Globally, shareholders are becoming actively concerned and interested in the environmentally-related issues of companies. There is an increasing general belief of shareholders that companies should not limit the shareholders’ ability to vote on shareholder proposals that advance certain rights or promote beneficial disclosure by the board.[6]  With the pressures of increasing global concern by shareholders over environmentally related issues, companies and their boards will undoubtedly need to remain alert to the possibility of increased shareholder activism and shareholder challenges on such issues. 


Gordon is an Associate in ENSafrica’s Corporate Commercial Department.

Reviewed by Doron Joffe, Director in the Corporate Commercial Department.


  1. See sections 68 and 71 of the Companies Act.

  2. See sections 112, 113, 114 and 115 of the Companies Act.

  3. See Van Tonder v Pienaar 1982 (2) SA 336 (SE) and Wessels & Smith v Vanugo Construction (Pty) Ltd 1964 (1) SA 635 (O).

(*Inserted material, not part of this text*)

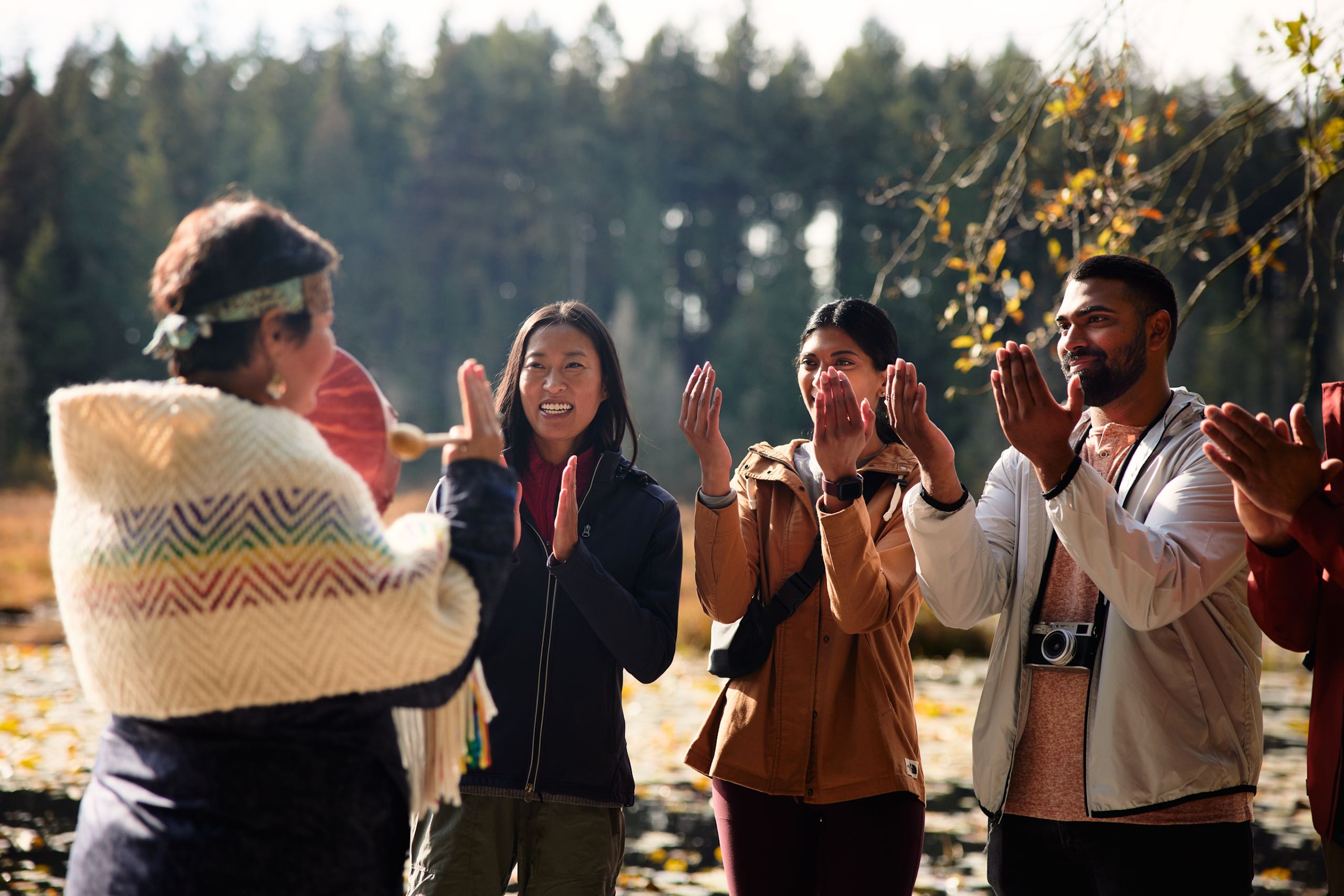 An Indigenous guide leads a walking tour through Stanley Park.
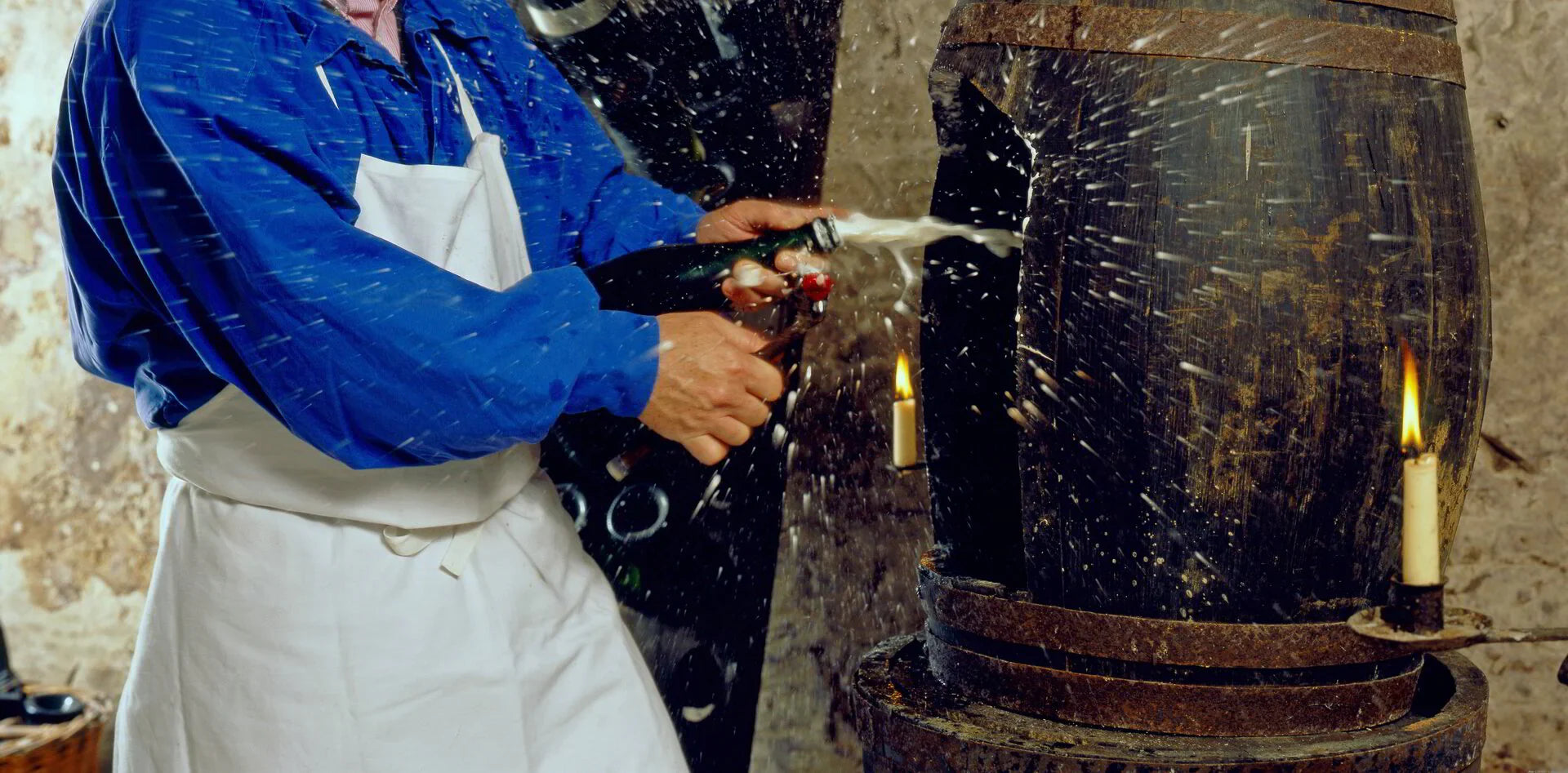 Worker in blue shirt and apron spraying champagne bottle in rustic cellar with barrel and candles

  4. See section 249P of the Australian Corporations Act, 2001 which obliges a company to distribute a proposed shareholders’ resolution at a general meeting on request of a minimum number of shareholders. Also, see the case of Australasian Centre for Corporate Responsibility v Commonwealth Bank of Australia [2016] FCAFC 80 (2016) which confirmed a decision in which the court a quo held that the company was not obliged to table certain proposed shareholders’ resolutions at the general meeting even though the resolutions were merely advisory resolutions.

  5. These are examples of matters that would fall within the purview of shareholders to exercise their voting rights.

  6. Glass Lewis “An Overview of the Glass Lewis Approach to Proxy Advice: Shareholder Initiatives Guidelines 2019”.